22/03/2015 14:25:10
hissingsid wrote:
The following are matters of public record, having been heard within the trial.
There is a time period of 80 seconds between the last use of SINDEN’S phone, and the time of the report to Kent Police of the collision. This does not account for time spent with the BT operator, which could not be ascertained by the police investigators.
SINDEN gave an account to police in interview during which he stated that he drove from his mother’s house, to the junction with Station Road, where he turned right. He emphatically denied using his mobile phone past the junction, having thrown it onto his passenger seat. He further stated that objects within his van fell onto the phone, and clearly suggested that those items caused the activations on his phone.
SINDEN’S legal position was maintained up until the trial. During the trial, an expert demonstrated that the phone activations suggested by SINDEN were highly unlikely.
The exact time of the collision was unknown, and could not be proved.
Daniel was visible from 150 - 160 metres away; certainly within 55 metres.
Daniel was wearing black/dark blue cycling clothing, but he was wearing shorts and his lower legs would have been light in colour and more visible, particularly as they were moving.
The Highway Code says the stopping distance at 40mph is 36 metres
The speed of SINDEN’S vehicle could not be scientifically proved at any time.
SINDEN stopped his vehicle 125 metres past the collision scene.

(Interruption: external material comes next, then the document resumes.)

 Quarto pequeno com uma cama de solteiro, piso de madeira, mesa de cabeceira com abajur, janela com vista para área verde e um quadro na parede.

There was no forensic evidence presented to the jury by the defence that proved that Daniel Squire had been on the kerb. The prosecutor raised the question, and the jury was directed to consider by the judge, whether an experienced rider such as Daniel would have attempted to ride on a footpath that was about one foot wide, was overgrown, and strewn with debris. There were no marks in the mud leading to the footpath, nor marks in the debris or muddy tyre marks on the path.
At no time, before the trial, did SINDEN explain to the police that Daniel rode off of the kerb into the road. In fact, he stated to several witnesses at the scene that he simply ‘did not see’ Daniel. In one account he even stated that Daniel swerved out in front of him, apparently to avoid a drain cover, and that he (SINDEN) had swerved to try to avoid him but was unable to do so.

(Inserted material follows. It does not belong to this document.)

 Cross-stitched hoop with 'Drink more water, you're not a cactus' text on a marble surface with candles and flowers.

When SINDEN hit Daniel, he was 0.67 metres away from the kerb; so how close was SINDEN to the kerb before he swerved? Even the defence expert stated that Daniel should have been seen by SINDEN, assuming that he had been in the road, and not coming off the path.
Apparently, at no point before the trial, did SINDEN tell the police that he stopped in a layby to send and receive texts. The time he says he spent in the layby conveniently accounts mathematically for time that he could not previously account for. The judge drew the attention of the jury to this fact during her summing up.
What is clear is this; SINDEN presented an explanation to the police that investigations indicated he was using his phone at or immediately before the collision. Once he was faced with evidence IN COURT that indicated that his explanation of the phone activation (by articles on his seat) was unlikely, he decided to change his story. He then admitted in court that he HAD been using his mobile phone, but that he had been doing so further down the road, but not at the time of the collision.
The judge accurately summed up all of the evidence presented by the CPS, and drew the attention of the jury to the changes in SINDEN’S account. She was explicit about the timings and distances involved.
Many have commented about the CPS lawyer, what about the defence? They simply presented several ‘what if’s?’ to the jury, and then sat back. They knew what couldn’t be proved, and so threw as much mud around as possible to confuse the jury. The defence lawyer was spoken to by the judge several times because of his behaviour, and he was blatantly dishonest when he told the jury that the CPS had put in an extra charge of careless driving because the police weren’t sure of their case; in fact the judge put the extra charge in following a legal ruling from another case. But it sounds good doesn’t it?
The article at
https://beyondthekerb.wordpress.com/2015/03/21/somethings-not-quite-right-here/ is pretty accurate, apart from the timing (80 seconds, not 55) and the punctuation (no full stops between the words in the text). But the issue here is that SINDEN was caught by his own story, and then changed it in court to account for the timings. It seems that all of the questions raised by BTK were dealt with in court.
In fact, all of the questions raised here on KoL were presented to the court; the jury simply had to do as the judge told them and apply some common sense. And there, perhaps, ladies and gentlemen of the jury, lies the problem.